During the first few years, about $1628 of the mortgage payment each month goes towards the interest cost, so one could make the argument that each month, the remaining $1500 is going back into your pocket in the form of home equity.  You would get that $1500 back if and when you sell the house assuming the house doesn't go down in value.  So if we subtract the $1500 from the Total cost, we get approximately $2840 that is NOT going to your/our bottom line but to either interest, insurance, property taxes or upkeep costs.  

Now of course there are other monthly costs such as utilities, but I have to pay them each month whether I own or rent so I didn't include those.   Don't forget that if we bought we also would have had to front a $34000 downpayment... so there's also that cost and time that we'd have to consider.  Thats $34000 that isn't in my pocket or investment account.  

So contrast the $4340 (or $2840 if you prefer) with the monthly $2300 rental cost of the exact same home, without having to come up with $34000 downpayment up front and I think we're doing well to rent.  As an aside, if I had a potential $34000 downpayment and wanted rather to invest in Real Estate, I could put it into Killam Properties (KMP on the TSX).  They own and operate apartment buildings and manufactured home communities and the stock currently pays a handsome dividend of about 5.75% per year.  The stock is very liquid and I could sell it at virtually any time which is very different than owning a physical building.  If I bought $34000 in KMP stock, I would collect $1955 annually in dividends or about $162 a month that I could apply to my rent cost if I chose to do so.  If I did apply the $162 monthly dividend to the rent cost, it would lower my rent cost to $2138.

So on a month to month basis, the rent of $2300 comes out better than the $4340 (or $2840) monthly costs involved in buying/owning by about $2040 (or $540) per month.  The winning option, with respect to monthly costs in this comparison is renting, yet it is not so cut and dried in there grander scheme of things.   For our current needs we think we're coming out ahead by keeping the deposit in our pocket and renting this attractive house in this sought after neighbourhood.


  1. To bad you didn't include land transfer tax, lawyer fees and real estate fees when you sell to show the appreciation you would count on to get back that original $34,000 investment.

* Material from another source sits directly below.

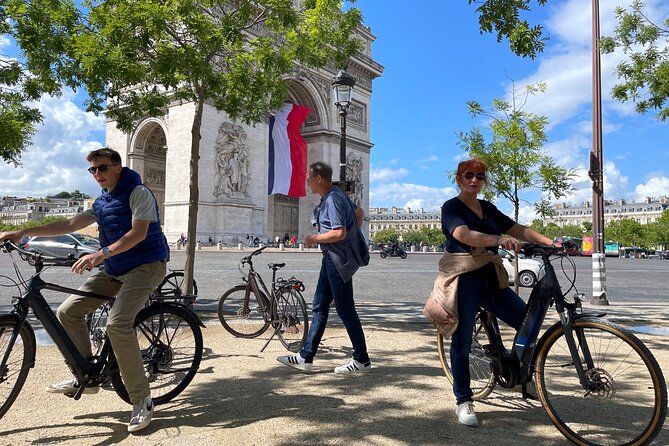 Paris: Small Group Highlights E-Bike Guided Tour - How the itinerary works: short stops, big landmarks, smart pacing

Still simple math but this article is still very well written and informative. Kudos

  2. Thanks Will. You're right, there are lots of added costs that need to be considered when buying. For this post, I just wanted to focus mainly on the regular monthly costs mainly for simplicity's sake. All those one-time costs at the beginning (land transfer tax, closing fees, survey costs) and at the end (realtor fees etc) can really eat away at your perceived equity.